* **Problem**:
Only the pictures are to be dropped; the rest of the data below is to be duplicated exactly.

* **Available data**:
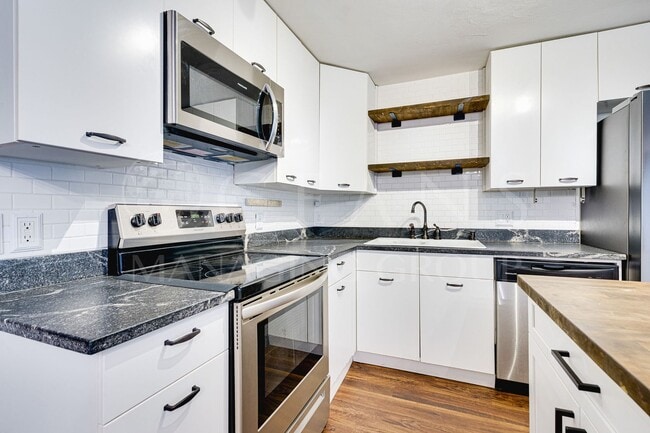 Building Photo - Historic GEM! – The First Female-Built Home in Holly Hill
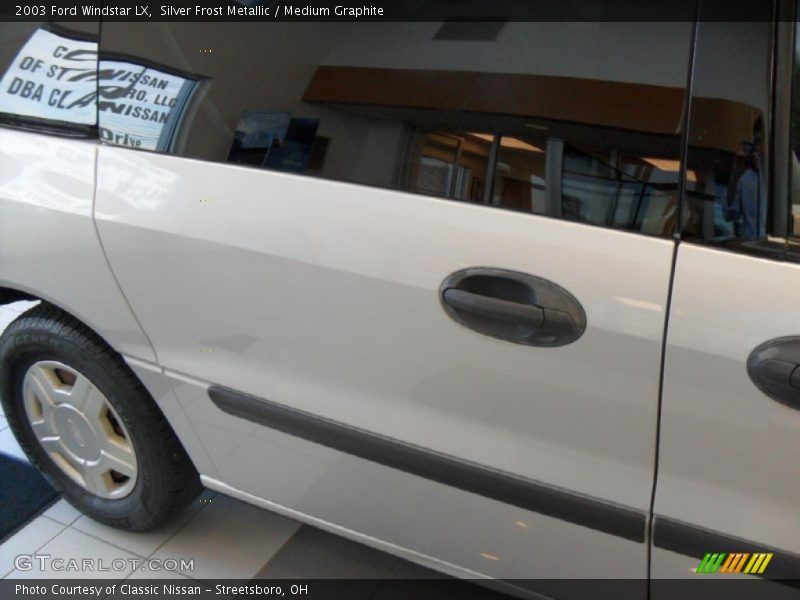 Silver Frost Metallic / Medium Graphite 2003 Ford Windstar LX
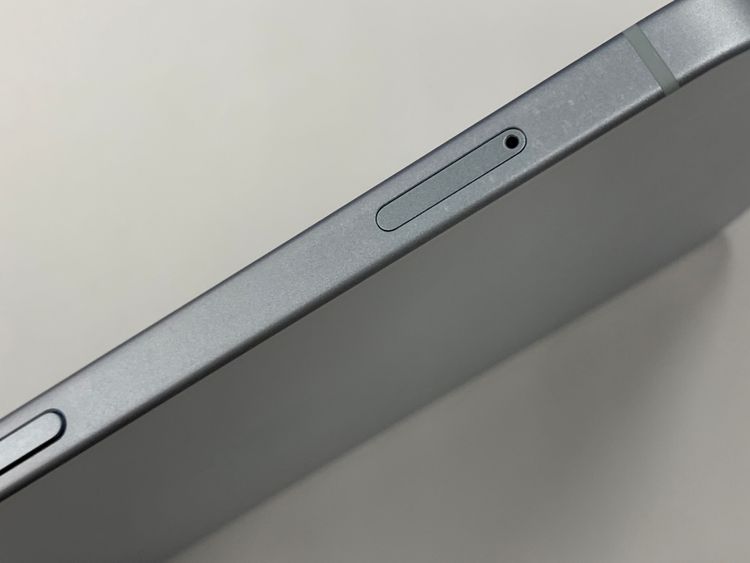 �ڥ�Х���BOX�� ����87%SIM�ե꡼ iPhone15 128GB �֥롼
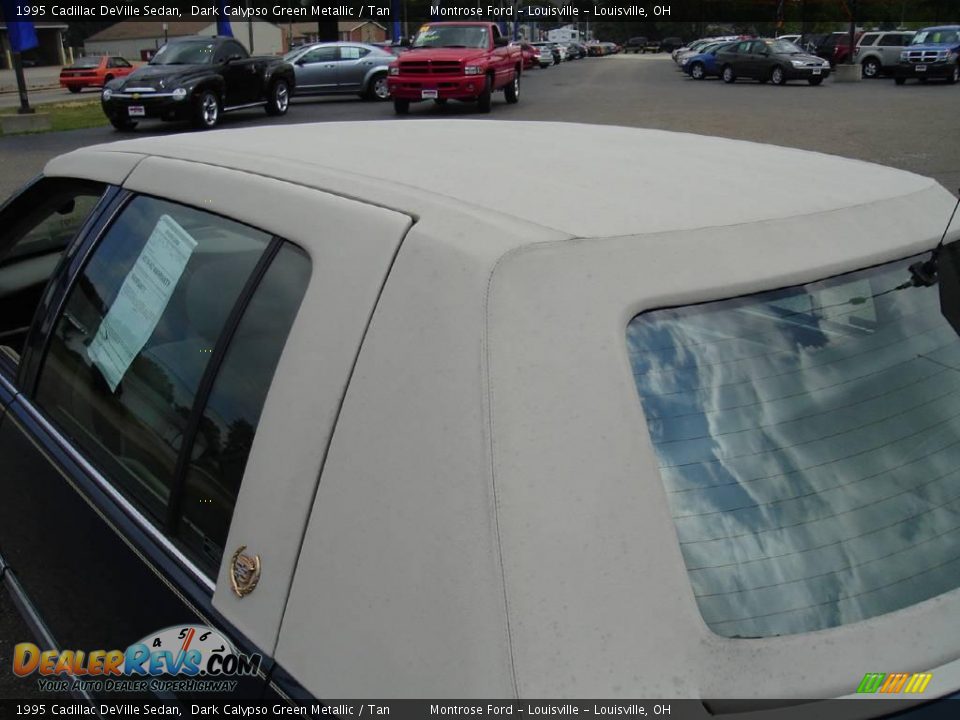 1995 Cadillac DeVille Sedan Dark Calypso Green Metallic / Tan Photo #12
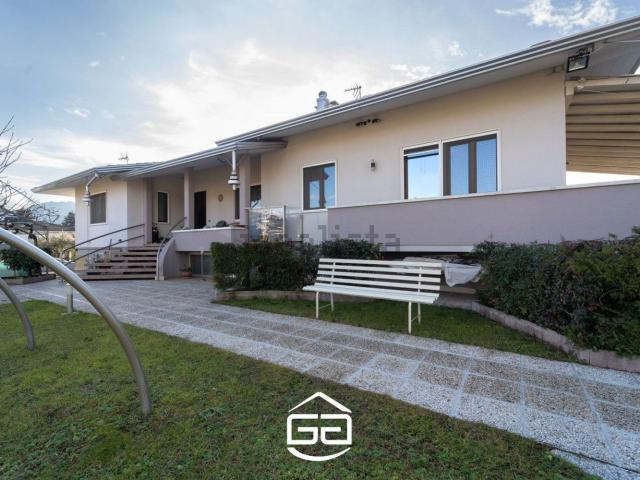 Casa in vendita a Malo, Veneto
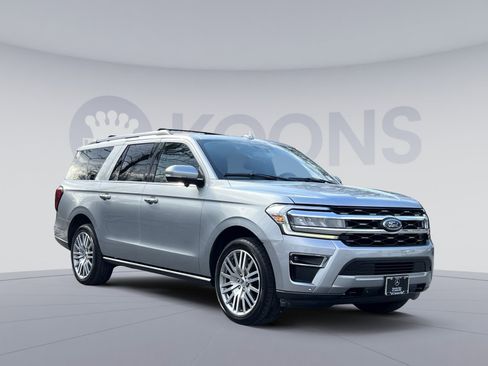 Used 2023 Ford Expedition Max Limited image 8
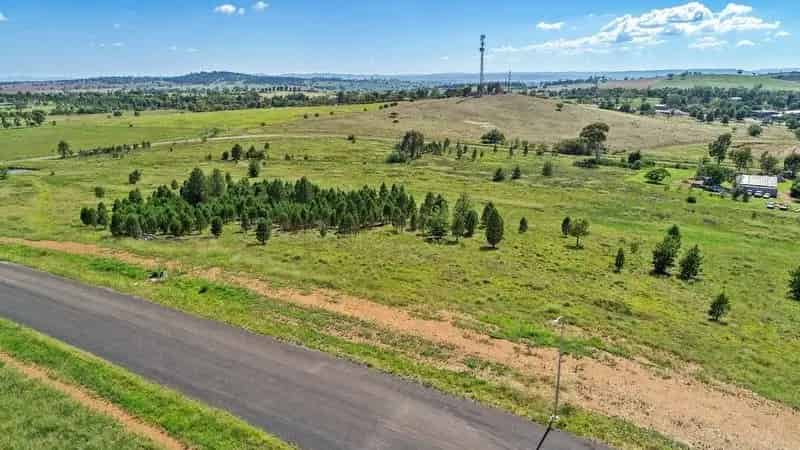 Buy land in Gold Hill Estate Parkes with breathtaking views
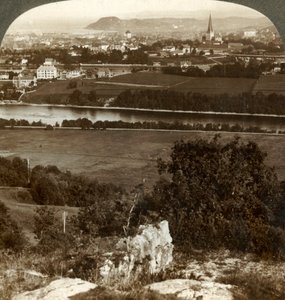 Trondhjem, zijn huizen, pakhuizen en kathedraal, tussen rivier Nid en Fjord, Noorwegen, 1905 door Unbekannt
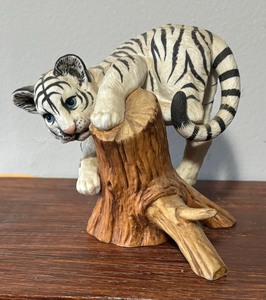 lot 270 image: Andrea by Sadek White Tiger Figurine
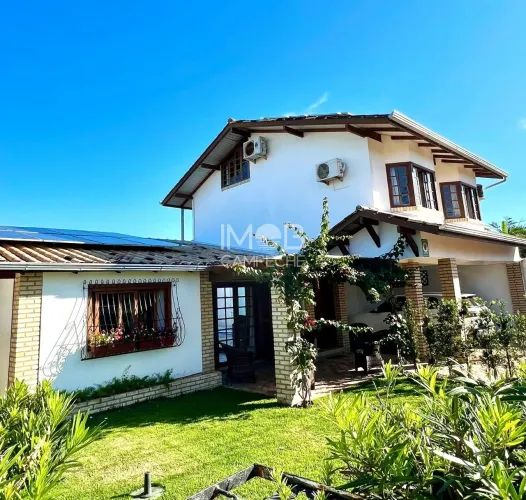Casa com 04 quartos e proxima da praia do Campeche em Florianópolis
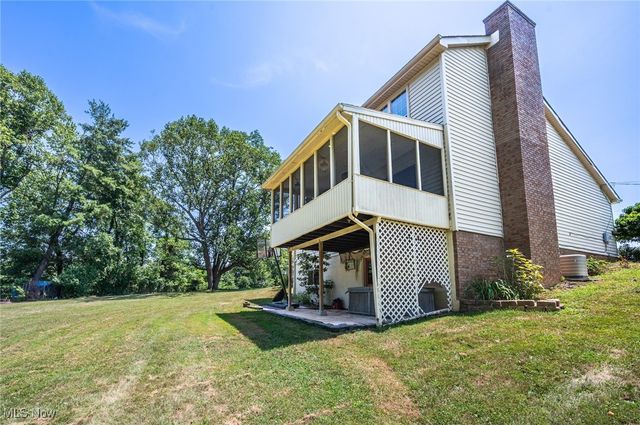 24 Heather Circle, Washington, WV 26181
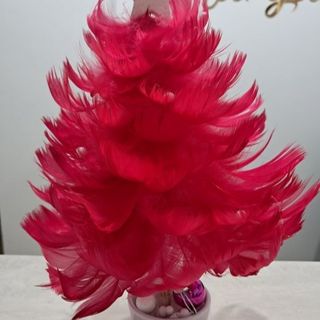 Choinka  z piórek  mocno różowa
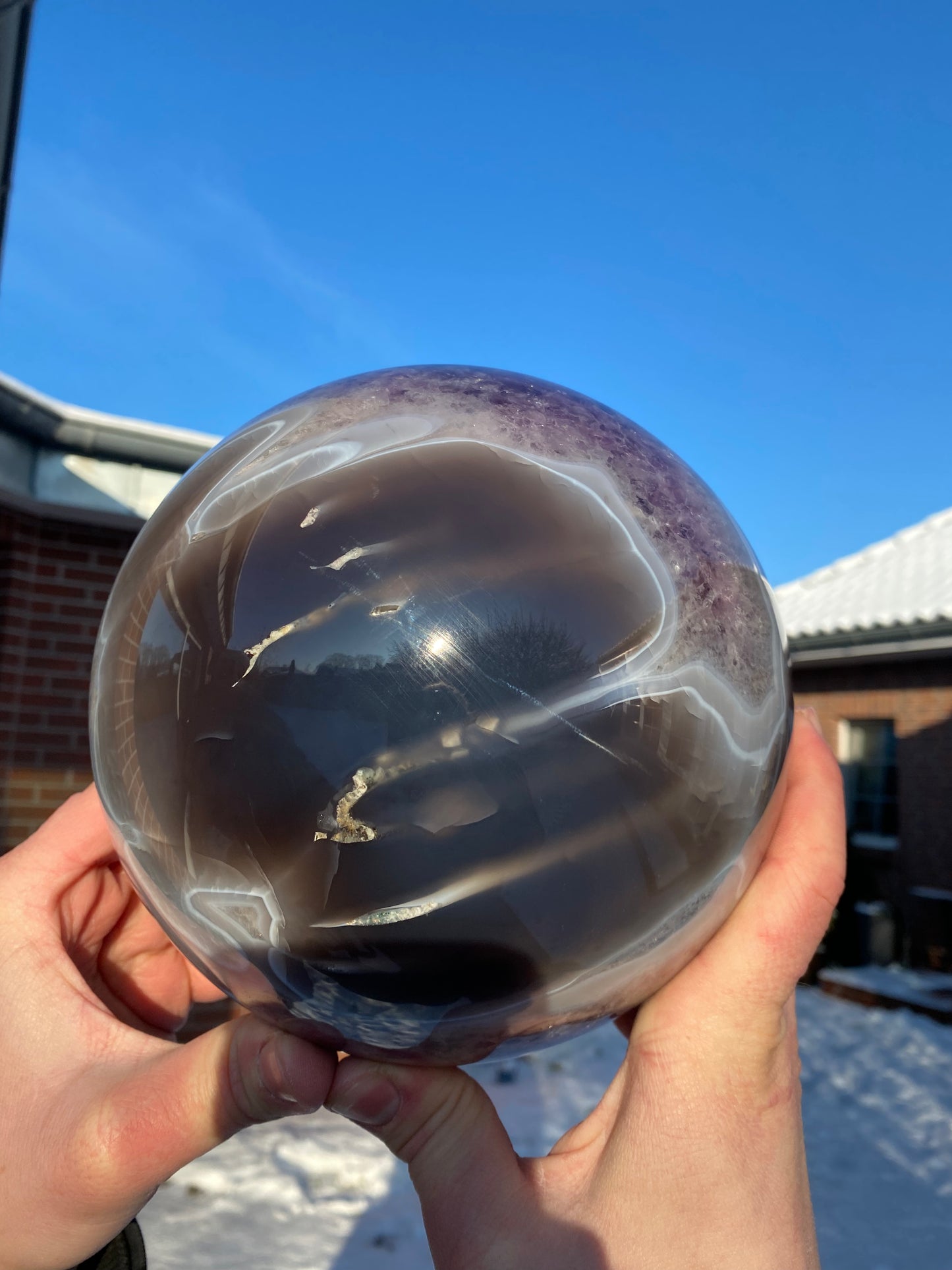 Kugel aus Amethyst mit Achat und Quarz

* **Exercise result**:
 Building Photo - Historic GEM! – The First Female-Built Home in Holly Hill
 Silver Frost Metallic / Medium Graphite 2003 Ford Windstar LX
 �ڥ�Х���BOX�� ����87%SIM�ե꡼ iPhone15 128GB �֥롼
 1995 Cadillac DeVille Sedan Dark Calypso Green Metallic / Tan Photo #12
 Casa in vendita a Malo, Veneto
 Used 2023 Ford Expedition Max Limited image 8
 Buy land in Gold Hill Estate Parkes with breathtaking views
 Trondhjem, zijn huizen, pakhuizen en kathedraal, tussen rivier Nid en Fjord, Noorwegen, 1905 door Unbekannt
 lot 270 image: Andrea by Sadek White Tiger Figurine
Casa com 04 quartos e proxima da praia do Campeche em Florianópolis
 24 Heather Circle, Washington, WV 26181
 Choinka  z piórek  mocno różowa
 Kugel aus Amethyst mit Achat und Quarz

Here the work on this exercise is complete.